Each record should reappear exactly in your answer, minus any picture.

Stored dataset items
━━━━━━━━━━

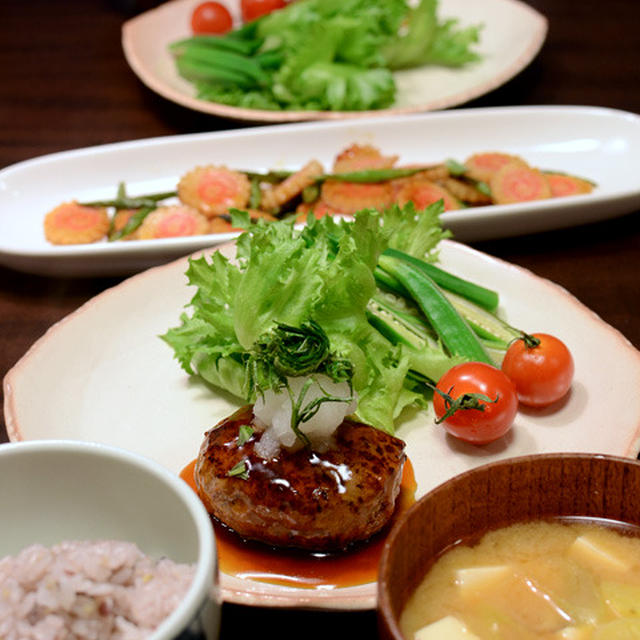 「照り焼きハンバーグ」と「りんごのコンポート」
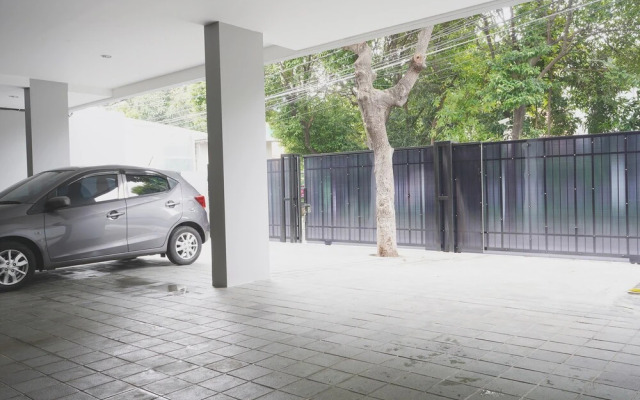 Cove Urooms Panglima Polim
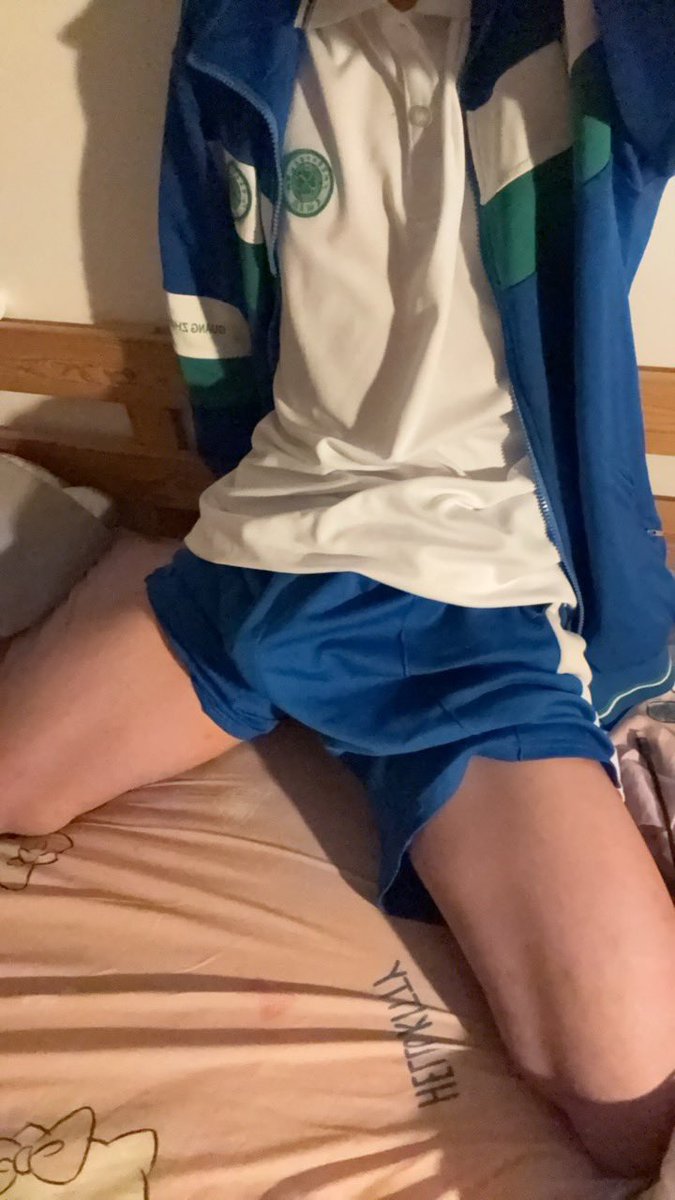 Leonid07034897's tweet photo. 校服控是吧？ https://t.co/SU27AE5dkw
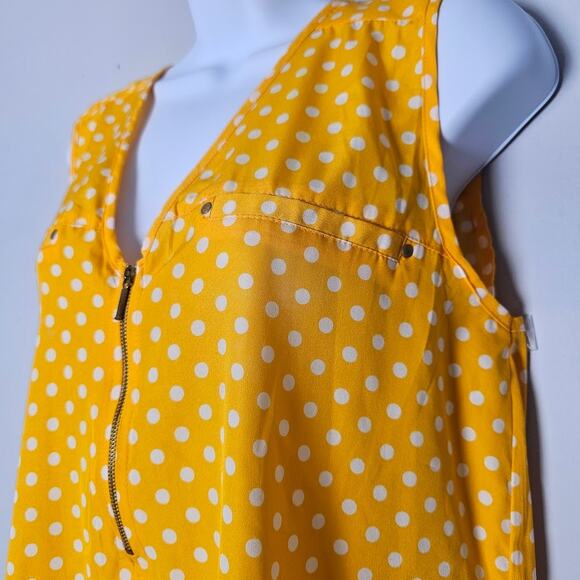 NWT MILEAGE Sleeveless Yellow Polka Dot Top Size 1X Plus Size Flowy Classic - Picture 2 of 9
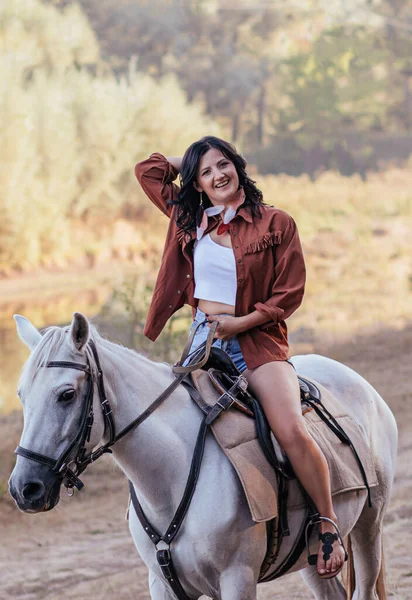 Meisje Een Cowboy Afbeelding Met Een Paard Het Gazon Herfst — Stockfoto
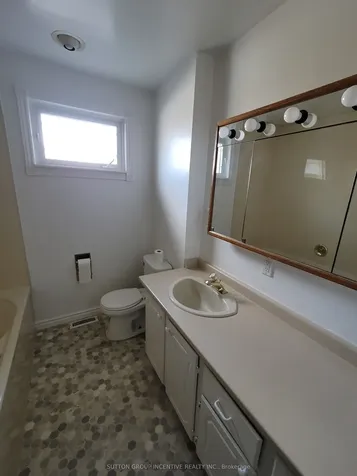 50 Farmingdale Crescent Barrie ON L4M 5E5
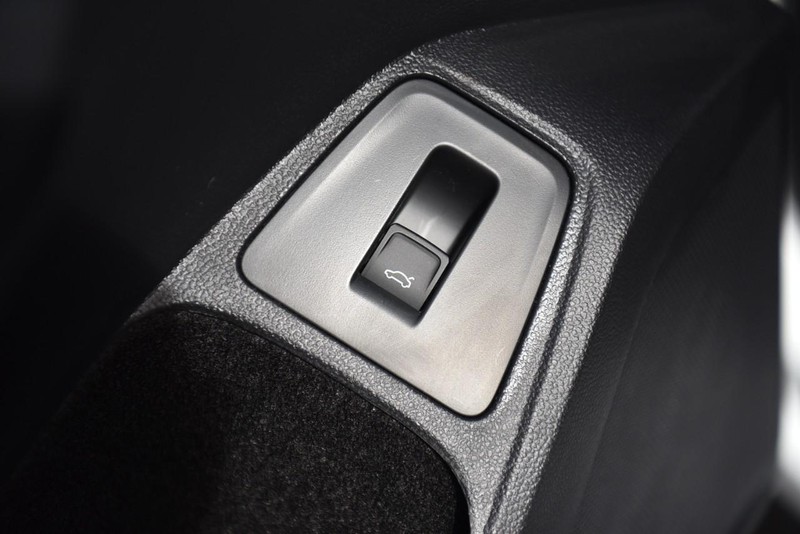 Volkswagen Tiguan Vehicle Image 09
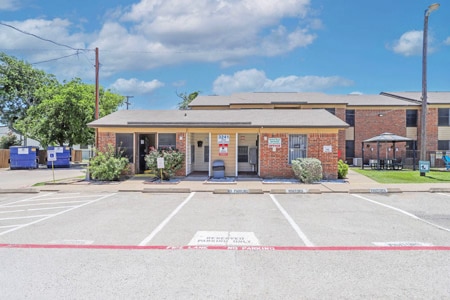 Building Photo - 3237 Bonnie Dr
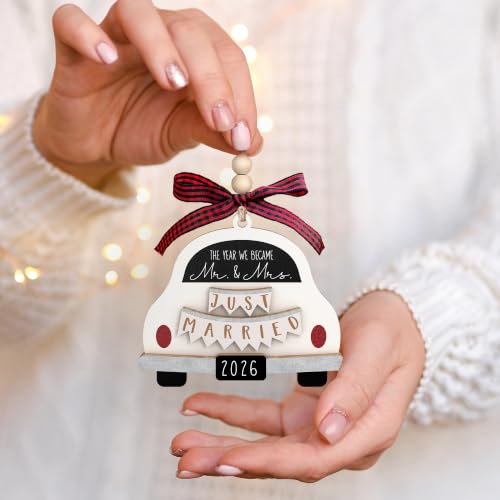Mr and Mrs Just Married Ornament 2026 - Wedding Gift for Couples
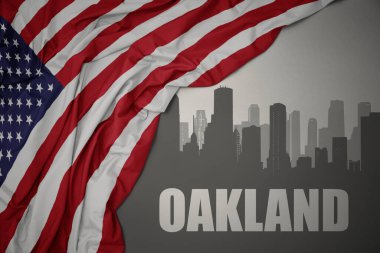 Amerika Birleşik Devletleri 'nin gri arka planında renkli bayrağını sallayan Oakland yazısıyla şehrin soyut silueti.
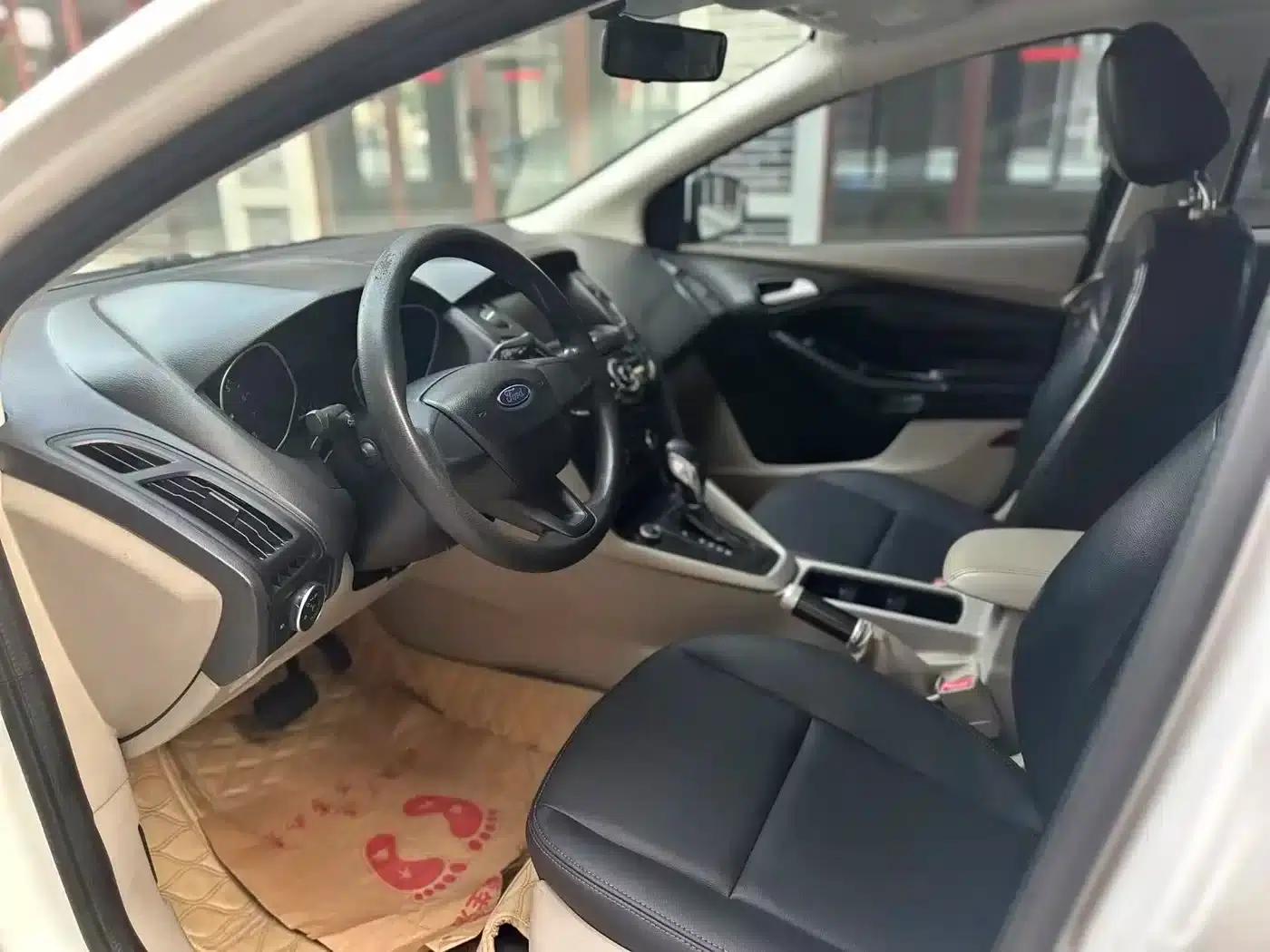 Ford Focus 2017 Sedan 1.6L Automatic Comfort Smart Edition — миниатюра 9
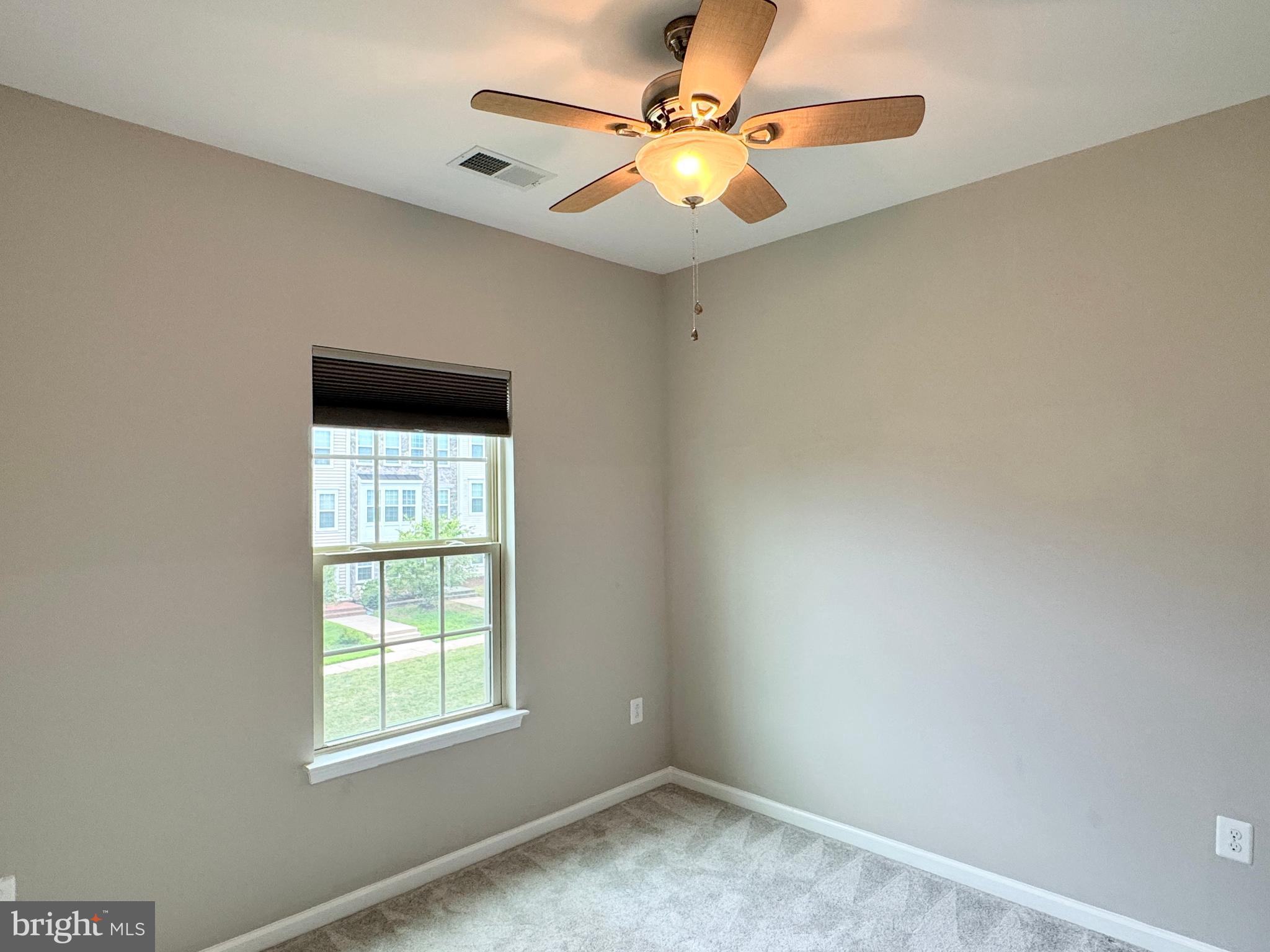 EMBREY MILL - Residential Lease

━━━━━━━━━━

Written response
 「照り焼きハンバーグ」と「りんごのコンポート」
 Cove Urooms Panglima Polim
 Leonid07034897's tweet photo. 校服控是吧？ https://t.co/SU27AE5dkw
 NWT MILEAGE Sleeveless Yellow Polka Dot Top Size 1X Plus Size Flowy Classic - Picture 2 of 9
 Meisje Een Cowboy Afbeelding Met Een Paard Het Gazon Herfst — Stockfoto
 50 Farmingdale Crescent Barrie ON L4M 5E5
 Volkswagen Tiguan Vehicle Image 09
 Building Photo - 3237 Bonnie Dr
Mr and Mrs Just Married Ornament 2026 - Wedding Gift for Couples
 Amerika Birleşik Devletleri 'nin gri arka planında renkli bayrağını sallayan Oakland yazısıyla şehrin soyut silueti.
 Ford Focus 2017 Sedan 1.6L Automatic Comfort Smart Edition — миниатюра 9
 EMBREY MILL - Residential Lease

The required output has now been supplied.